Census of Finance Companies

(FR 3033p; OMB No. 7100-0277)


Summary

The Board of Governors of the Federal Reserve System, under delegated authority from the Office of Management and Budget (OMB), proposes to conduct, with revision, the voluntary Census of Finance Companies (FR 3033p; OMB No. 7100-0277). This information collection includes the Quinquennial Finance Company Survey (FR 3033s), which will be reviewed in a separate proposal in mid-2010.1 The census would be sent in April 2010 to all companies that meet criteria developed to identify the potential universe of domestic finance companies. An accurate census is required to form a representative sample of finance companies, to which a more detailed survey would be sent. The census would gather limited information including total assets, areas of specialization, and information on the corporate structure of the companies. The Federal Reserve has identified approximately 30,000 firms to which the census would be sent.

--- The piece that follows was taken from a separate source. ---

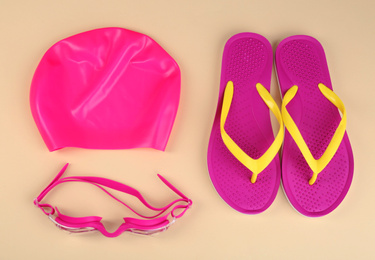 Photo of Flat lay composition with swimming accessories on light background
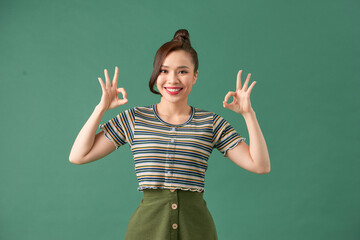 Attractive young adult woman showing ok sign.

From the universe of finance companies as determined by the census responses, a stratified random sample of 3,000 finance companies would be drawn for the 2011 survey.

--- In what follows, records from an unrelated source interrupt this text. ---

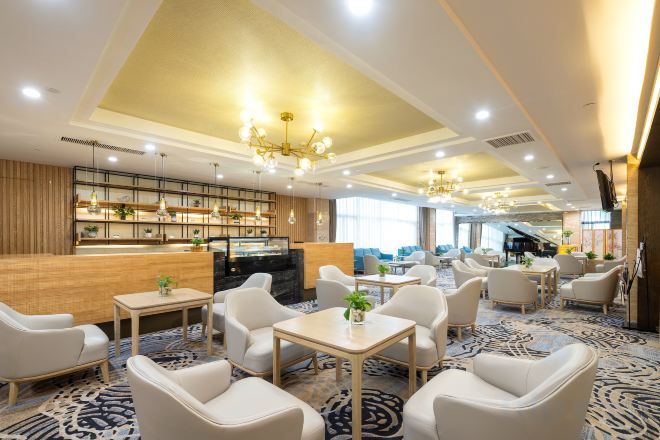 Un vestíbulo de hotel con una recepción, zona de estar y un bar.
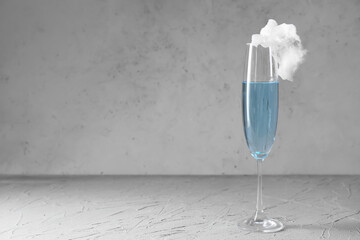 Glass with tasty cotton candy cocktail on grey background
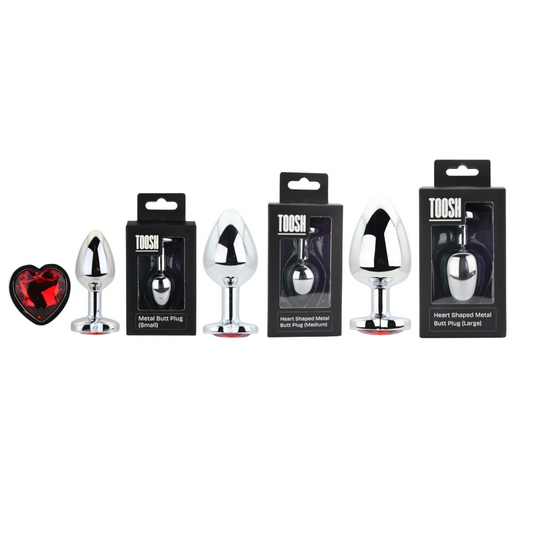 Collection of metal butt plugs with packaging labeled 'Toosh' on a white background.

The Federal Reserve proposes to: change the title, increase the respondent panel size, and revise the census to collect information needed to determine whether a company meets the FR 3033 definition of a finance company. Based on an estimated response rate of 60 percent, 18,000 of the 30,000 companies would complete the census survey; the reporting burden for the census is estimated to be 6,000 hours.


Background and Justification


Since June 1955, the Federal Reserve System has surveyed the assets and liabilities of finance companies at five-year intervals. For purposes of this survey, finance companies were defined as companies (excluding commercial banks, cooperative banks, investment banks, savings banks, savings and loan institutions and industrial loan corporations or their subsidiaries) whose largest portion of assets is made up of consumer or business loans or leases. Through 1975, the known universe of finance companies was surveyed. To reduce reporting burden, in 1980 the survey was split into an extremely brief census, which has been sent to the known universe of finance companies, and a longer survey, which has been sent to a stratified random sample of finance companies. In 2005, the definition of finance company was revised to include companies whose largest portion of assets was made up of real estate loans; this change effectively brought mortgage companies into the panel. In addition, the survey was revised to instruct finance companies to include the assets and liabilities of their mortgage company subsidiaries.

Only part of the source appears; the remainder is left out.